After DOGE seized control of the USIP building and Trump removed 11 of USIP’s 15 board members, the White House put out a statement gloating that “rogue bureaucrats will not be allowed to hold agencies hostage. The Trump administration will enforce the President’s executive authority and ensure his agencies remain accountable to the American people.”
A couple small problems here: the USIP employees aren’t “rogue bureaucrats” because they’re not federal employees, and oh, also the part where USIP isn’t an agency. It’s actually a private nonprofit corporation created and funded by Congress.
In a normal presidential administration, you could likely have avoided ever learning about the rules governing USIP’s board or trying to parse the legal status of various government-related corporations. But we live in a fresh new hell where every day we get to try to figure out if the president is indeed allowed to attack whatever it is he’s attacking that day.

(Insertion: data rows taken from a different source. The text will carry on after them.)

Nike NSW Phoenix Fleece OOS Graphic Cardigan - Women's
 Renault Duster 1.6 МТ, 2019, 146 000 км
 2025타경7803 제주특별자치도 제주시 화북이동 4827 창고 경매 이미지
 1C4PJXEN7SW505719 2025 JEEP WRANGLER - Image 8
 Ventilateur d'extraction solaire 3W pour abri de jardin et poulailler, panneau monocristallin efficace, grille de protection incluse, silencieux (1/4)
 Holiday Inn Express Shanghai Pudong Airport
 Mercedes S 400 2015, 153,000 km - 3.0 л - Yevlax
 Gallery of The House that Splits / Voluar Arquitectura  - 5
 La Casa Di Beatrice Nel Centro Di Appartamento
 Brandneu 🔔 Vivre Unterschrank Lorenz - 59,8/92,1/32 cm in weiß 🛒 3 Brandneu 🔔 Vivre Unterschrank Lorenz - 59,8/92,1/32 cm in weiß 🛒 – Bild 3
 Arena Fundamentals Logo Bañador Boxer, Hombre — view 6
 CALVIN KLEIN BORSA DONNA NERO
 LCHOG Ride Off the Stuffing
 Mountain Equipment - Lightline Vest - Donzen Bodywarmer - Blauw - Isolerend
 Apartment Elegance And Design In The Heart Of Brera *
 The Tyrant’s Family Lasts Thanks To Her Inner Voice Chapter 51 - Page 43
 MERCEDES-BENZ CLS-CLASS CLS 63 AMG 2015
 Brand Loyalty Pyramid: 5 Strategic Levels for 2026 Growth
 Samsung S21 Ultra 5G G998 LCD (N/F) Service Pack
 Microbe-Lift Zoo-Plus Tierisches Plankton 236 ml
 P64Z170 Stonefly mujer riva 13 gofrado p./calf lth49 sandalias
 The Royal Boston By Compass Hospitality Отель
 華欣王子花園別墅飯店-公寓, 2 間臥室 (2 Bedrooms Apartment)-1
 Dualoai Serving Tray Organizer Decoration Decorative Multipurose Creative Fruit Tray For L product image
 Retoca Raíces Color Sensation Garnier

And his successful attack on USIP doesn’t bode well for other private nonprofit corporations that conservatives already hate, like the Corporation for Public Broadcasting or the Legal Services Corporation, which funds legal aid.
Congress creates and directly funds those corporations, similar to USIP. Funding doesn’t go through any larger agency or even any part of the executive branch. The president’s role in all three is limited to appointing board members. In USIP’s case, the president doesn’t even have the right to remove board members unilaterally—a removal for cause still requires the president to consult with the USIP board.
The problem here is that Trump neither understands nor cares about this distinction. Why would he? He no longer believes that Congress or the courts have any real authority over him, so he’s not afraid of being stopped. He also suffers from an almost catastrophic lack of understanding about the workings of government, so trying to explain that things like USIP are not actually “his agencies”—or even agencies at all—is pointless.
It doesn’t help matters that despite U.S. District Judge Beryl Howell saying DOGE’s takeover of USIP—complete with armed police support—was “terrorizing” and that she was “offended on behalf of the American citizens,” she still declined to grant the USIP plaintiffs a temporary restraining order. Part of her reasoning was that USIP was a “very complicated entity” with features of both nongovernmental organizations and government agencies and that not all ousted board members had joined the suit.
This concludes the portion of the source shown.